Célia Celíaca: curitibana cria personagem para falar da doença que proíbe glúten
Amanda Milléo
23/11/2017 06:34
Eve Ferretti transformou experiência pessoal em personagem. Foto: divulgação
Cortar o glúten da dieta não é apenas um modismo para emagrecer, e a escritora curitibana Eve Ferretti quer que todos descubram isso. Diagnosticada tardiamente com a doença celíaca, Eve teve muitas dificuldades, como boa parte dos celíacos, para que amigos e familiares entendessem porque ela tinha se tornado a “estranha” que não come mais as mesmas comidas que antes. E foi então que ela criou a Célia Celíaca.
Célia é a primeira personagem celíaca da literatura mundial, e uma mulher jovem que, assim como a sua criadora, adapta a vida ao que o organismo, intolerante ao glúten, pede. Nesse caminho, a personagem vive situações comuns dos intolerantes ao glúten ao mesmo tempo em que tenta desmistificar a doença:
“Muitas pessoas ainda pensam que é possível ter ‘um pouco’ de doença celíaca. Existem, na verdade, graus dos danos que o glúten causa ao organismo. Quanto mais você se expõe a ele, mais vai tornando o intestino sensível. Então, quando alguém fala: ‘come só um pouquinho’, ele ainda não entende”, explica Eve, que só descobriu o que significava ter a doença há dois anos, embora fosse uma celíaca “clássica”, com sintomas desde a infância.
Seja através da literatura ou dos quadrinhos, a Célia Celíaca explica tão bem o cotidiano da doença que acabou premiada em um concurso nacional de empreendedorismo em Portugal. Ao lado do ilustrador e diretor de arte Pedro Mota Teixeira, a Célia cresceu, ganhou formas novas e o seu livro será lançado no Brasil no próximo dia 29, na pizzaria Rigani, em Curitiba.
O orgulho pela “filha” é ainda maior quando Eve lembra que todas as histórias são lembranças de situações vividas por ela mesma. “Na história da estranha da festa, eram as minhas festas de família. Quando eu menos esperava, o pessoal estava falando de mim, dizendo que me levariam para a igreja para me curar, ou para fazer um tratamento alternativo ou tentavam fazer com que eu comesse só um pouquinho. Depois que eu vim morar em Portugal, percebi que era um desconhecimento internacional, porque faziam o mesmo aqui”, diz a autora.
Embora Eve sofresse desde criança com os danos da doença celíaca (leia-se: diarreias constantes), mudar o seu comportamento com a comida não foi algo fácil. “Os centros dos principais eventos familiares e sociais envolvem comida. Natal, Páscoa. Eu passei a não comungar dos mesmos alimentos com os meus parentes. Eu tive que reavaliar a minha vida inteira. Amigos que não entendiam e foram embora, outros dos quais eu me afastei e até hoje meu pai não compreende completamente a doença”, conta.
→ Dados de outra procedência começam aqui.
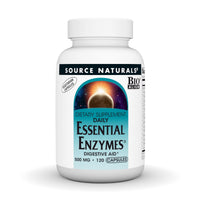 Thumbnail for Source Naturals Essential Enzymes 500mg Bio-Aligned Multiple Enzyme Supplement Herbal Defense for Digestion, Gas, Constipation & Bloating Relief - Supports Immune System* - 120 Vegetarian Capsules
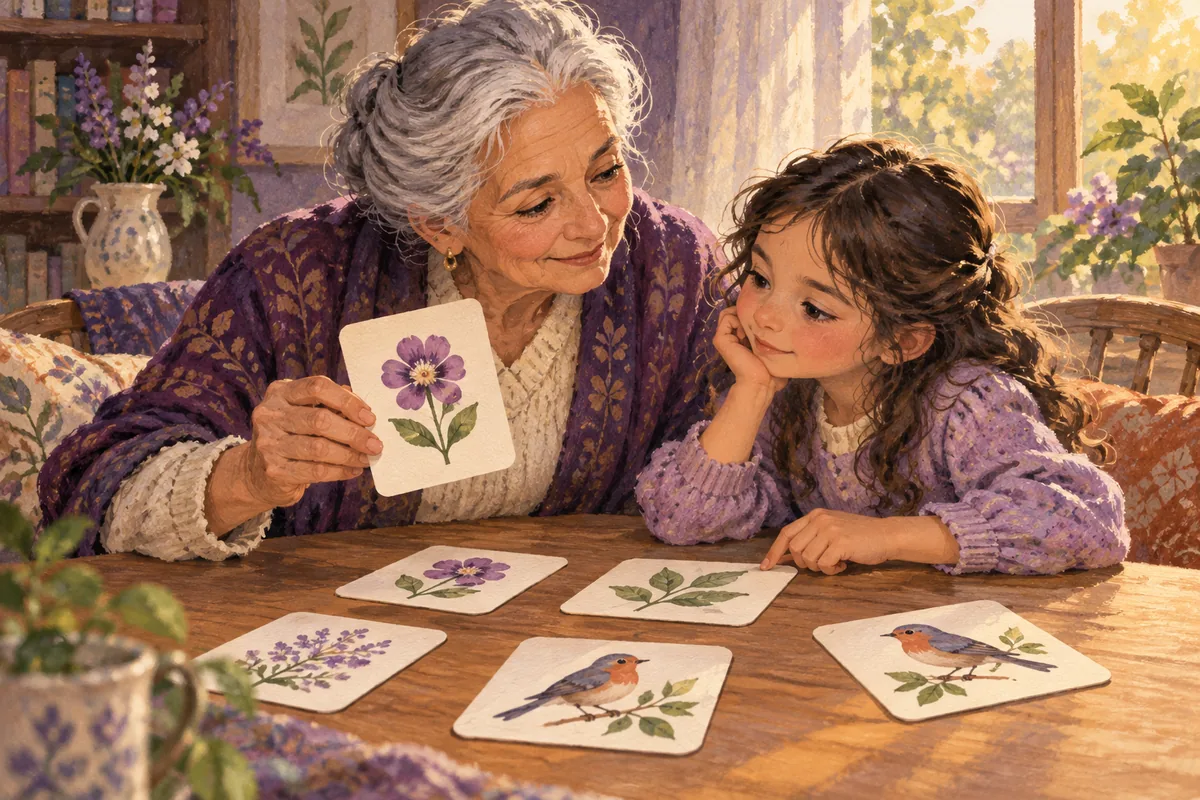 Ilustración: Una abuela y una niña comparten un juego de parejas de imágenes sin prisa.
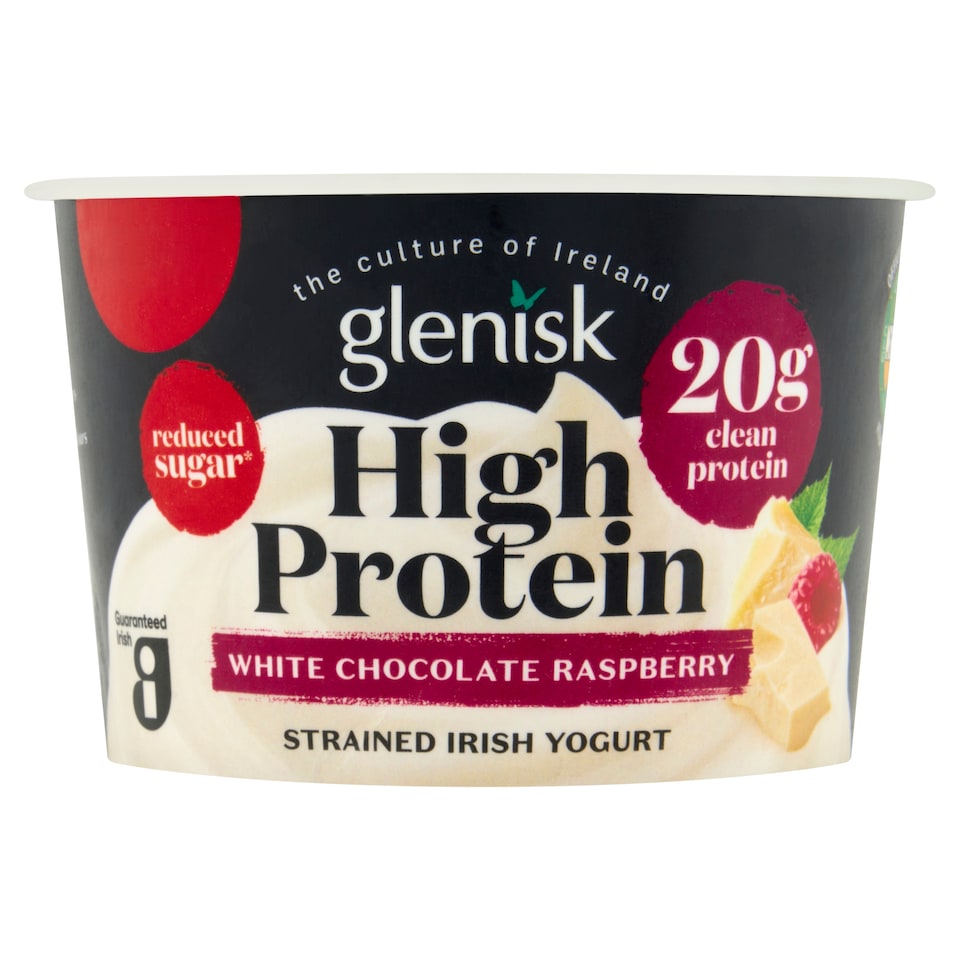 Glenisk High Protein White Chocolate Raspberry Strained Irish Yogurt 195g
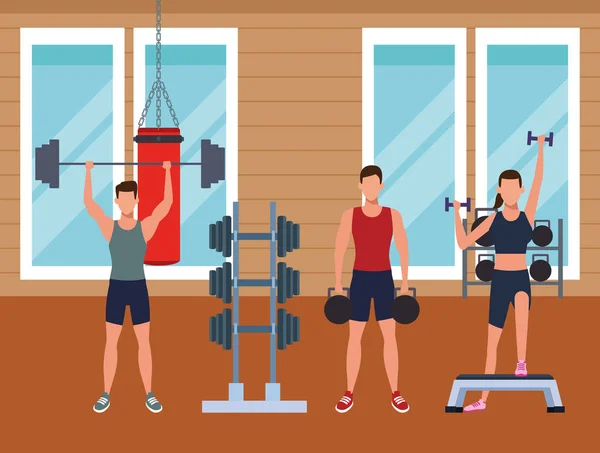 Gente de fitness y gimnasio — Archivo Imágenes Vectoriales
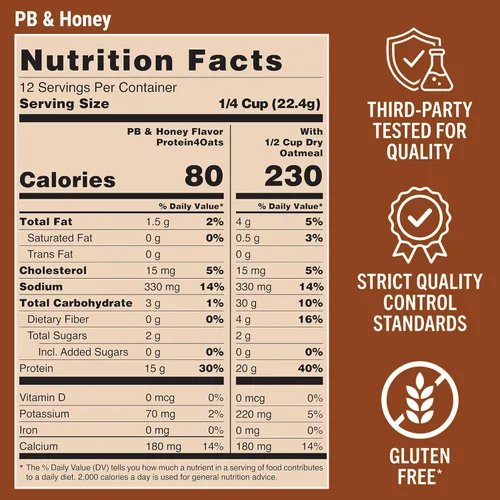 Miniatura 6 de PEScience Protein4Oats, Polvo de Proteína para Hacer Avena de Proteína de Sabor Increíble, con Suero y Caseína, Sin Gluten, Manteca de Maní y Miel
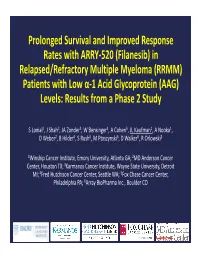 (Filanesib) in Relapsed/Refractory Multiple Myeloma (RRMM) Patients with Low Α‐1 Acid Glycoprotein (AAG) Levels: Results from a Phase 2 Study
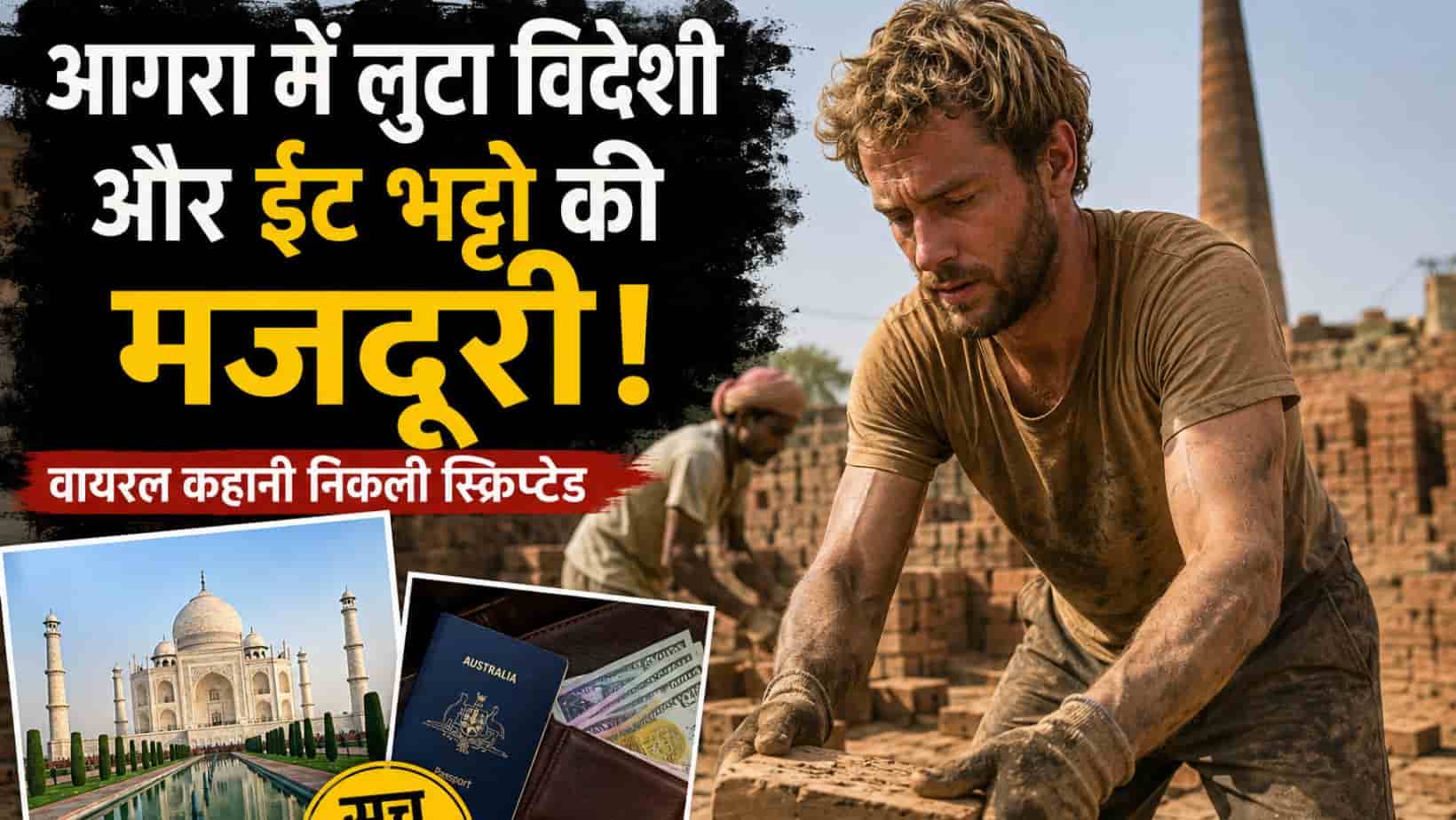 Viral video : आगरा में आस्ट्रेलियाई पर्यटक की भट्ठे पर मजदूरी, एंडरसन की वायरल कहानी निकली फर्जी 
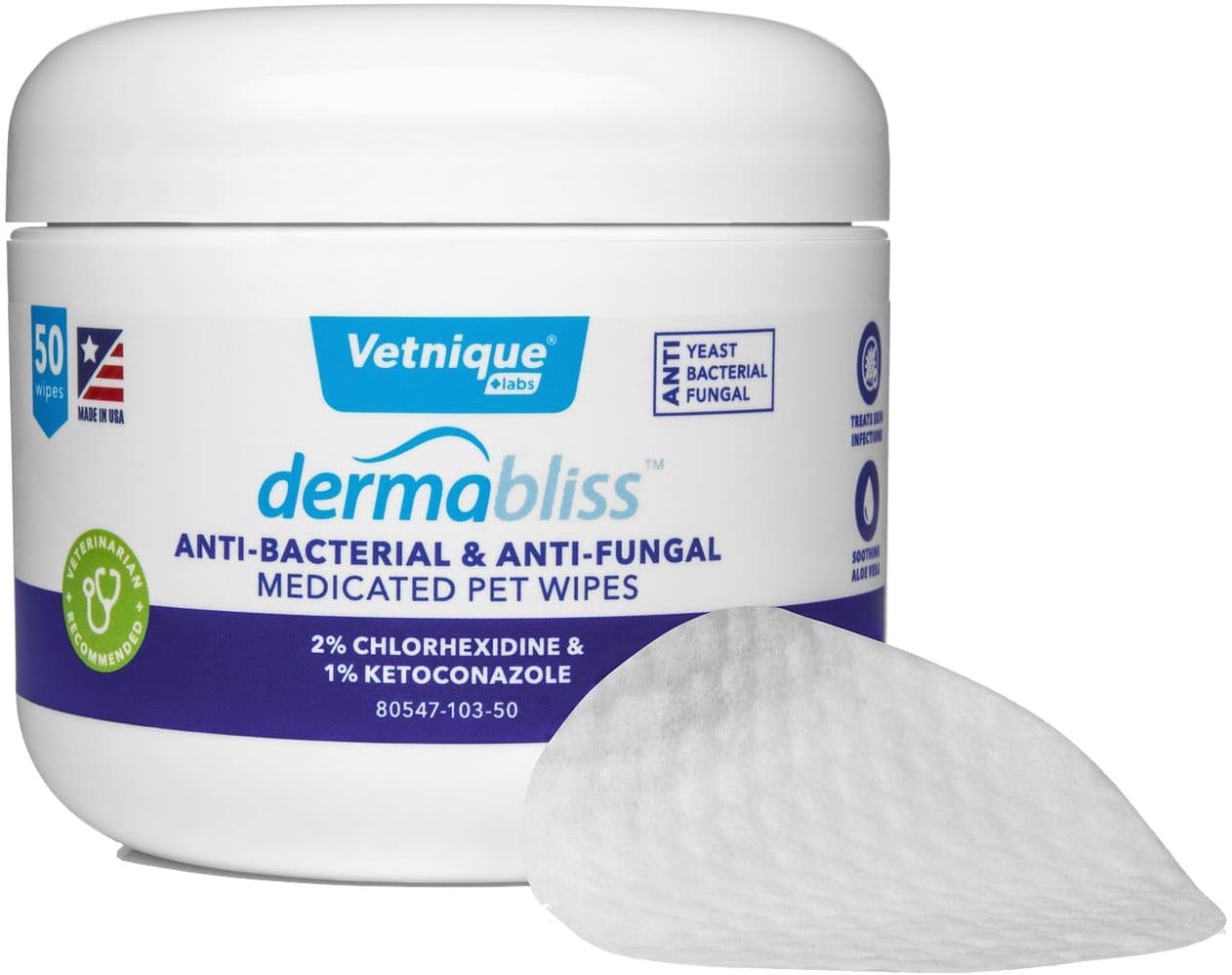 Dermabliss Anti-Bacterial & Anti-Fungal Medicated Wipes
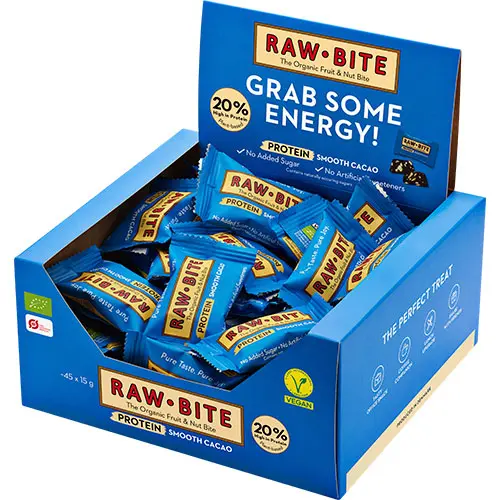 RawBite Rawbite Officebox Protein Smooth Kakao 45x15g Eko | 675 g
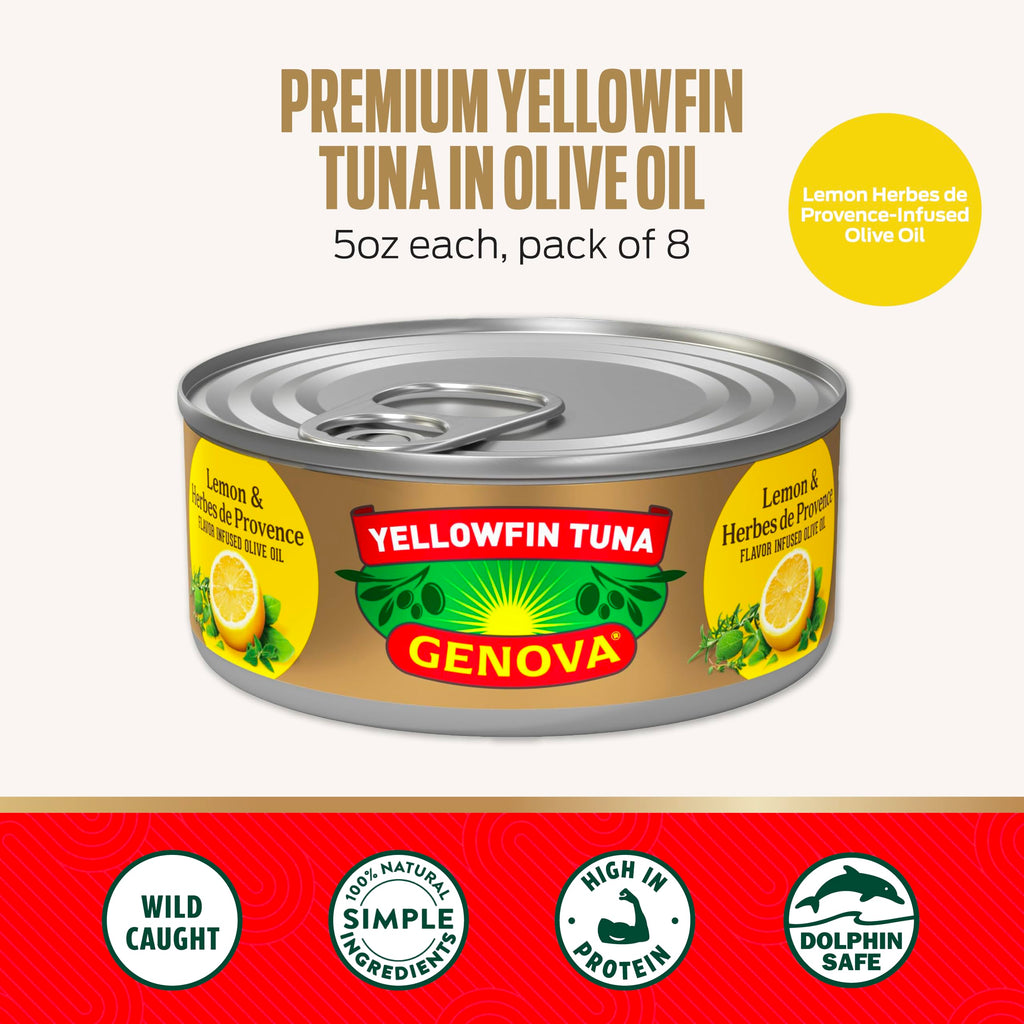 Genova Premium Yellowfin Tuna in Olive Oil, 5 Ounce Cans, 8-Pack – Nutrient Rich, High Protein Canned Tuna Fish - Delicious, Easy, Nutritious Ready to Eat Meals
Desde o diagnóstico até quando a doença realmente fez sentido para Eve, passaram-se três anos. Nesse período, ainda que cortando de forma leve o glúten, a escritora tinha sintomas importantes e quando o cabelo passou a cair como uma “peruca” toda vez que ela passava a mão, as unhas se quebraram pela metade e a falta de sono era constante, Eve percebeu que algo não estava certo. “Eu achei um especialista em doença celíaca em Curitiba, o dr. Paulo Costa Claro, e foi ele quem me falou dos riscos da contaminação cruzada, explicou que eu não poderia ter continuado a comer na mesma cozinha que meus pais, que eu teria de ter meus utensílios e panelas e separar meus alimentos na geladeira”, relata.
Longe do glúten (totalmente) há dois anos, Eve diz que não sente falta do que deixou para trás, pois os benefícios são bem maiores. Além disso, ela encontrou outras fontes de felicidade na alimentação:
“Eu achei outros sabores, alternativas ao trigo, como a própria batata. Hoje faço muitos pratos com base na batata. Acabei me voltando a uma alimentação que a minha avó comia e aprendi a cozinhar. Deixei de lado os industrializados e a única parte chata mesmo é quando vou viajar. Nem sempre há lugares que oferecem alimentos sem glúten de verdade, sem contaminação cruzada, e aí tem que levar todas as comidas junto na viagem”, diz Eve.